Interview: Japana, Ladies with Japanese Knives
Meet the ladies of Japana, three ambitious women from Poland with a passion for Japanese knives. Their story is an inspiring one, and with passionate ambitions to bring you the best and sharpest Japanese knives, crafted by expert blacksmiths in Japan, these are women who have overcome many challenges in a competitive Japanese market.
Tell us a bit about your brand - who you are and what inspired you to set up your company?
Kamila: We are three friends fascinated by Japanese culture and its art. Anna Szymczak is my high school friend and when I suggested we should start a company together, she agreed without a thought. I met Anna Czarnecka on a plane to Thailand 4 years ago and we bonded instantly. Anna Czarnecka is an interior and product designer. My core background is in technology and management, I have been running another business in robotic automation field, but for some time I was missing working on something more tangible, with a soul. Japanese knives and whole history around them was a perfect fit for another company with a great mission.

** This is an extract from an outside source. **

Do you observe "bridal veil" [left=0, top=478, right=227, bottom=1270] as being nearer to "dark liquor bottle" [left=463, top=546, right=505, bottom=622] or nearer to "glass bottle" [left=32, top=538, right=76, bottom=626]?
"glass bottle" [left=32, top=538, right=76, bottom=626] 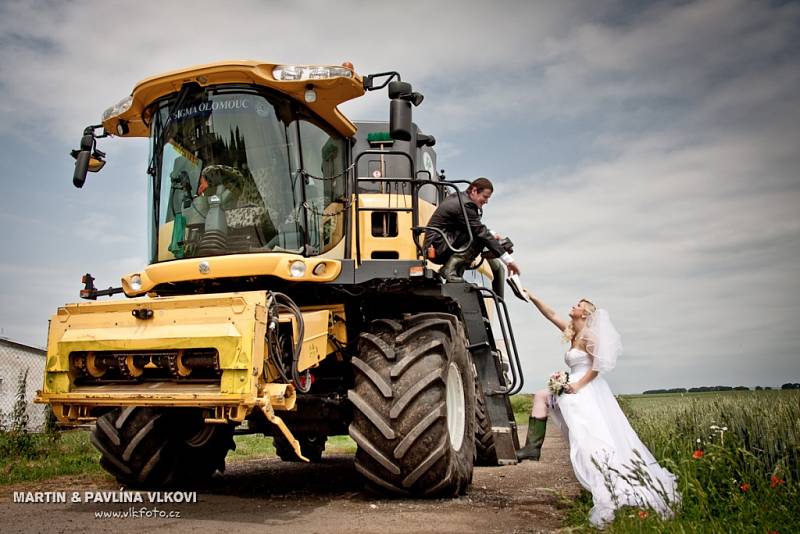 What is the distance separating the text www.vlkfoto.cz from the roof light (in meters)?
3.94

It happened that my fascination with Japanese Damascus steel knives was born over two years ago, when I was looking for a Christmas gift for my partner. The price and offering of Japanese knives in London's Knightsbridge store weren’t appealing, so I decided to go to the source. Although it wasn’t easy, I managed to find a Japanese blacksmith who crafted for me a custom gyuto - chef’s knife and engraved inscription in Katakana for my partner. The knife was beautiful and the price very affordable, so I started considering it as a business idea. I talked about potential cooperation with my long time friend Anna Szymczak. Fascination with the culture of Japan, the achievements and strength of the Samurai women - called onna-bugeishas convinced us to create a company inspiring women and men, offering unique, high-quality products.

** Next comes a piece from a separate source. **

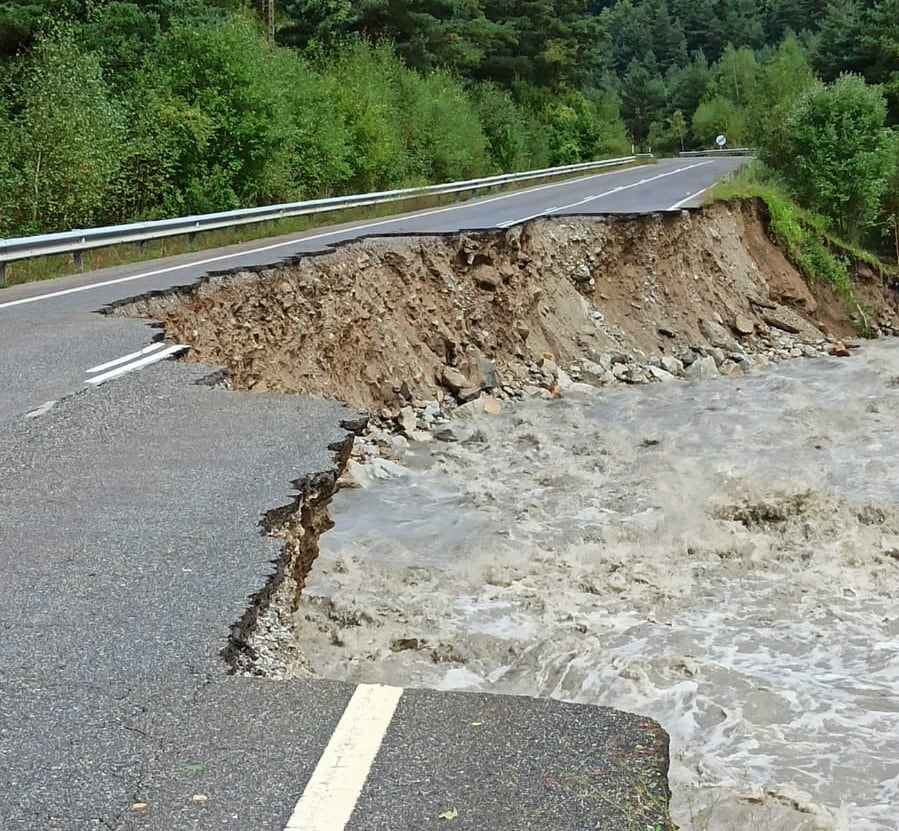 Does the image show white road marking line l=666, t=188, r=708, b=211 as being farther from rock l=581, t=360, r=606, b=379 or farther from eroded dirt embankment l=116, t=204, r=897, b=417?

Anna C: We are inspired by onna-bugeishas as they also had to pave their way to be accepted in the Samurai ranks and prove their worth. Same with us, we constantly need to be taking risks with starting new projects, following our passion as well and just putting ourselves out there, despite all the difficulties and cultural differences. It takes a lot of courage and we think that an entrepreneur has got to have something from a warrior: to never give up, fall down and raise up again – getting stronger and stronger. So sometimes we feel like modern onna bu-geishas.
Why should we be using your Japanese knives? What are the benefits?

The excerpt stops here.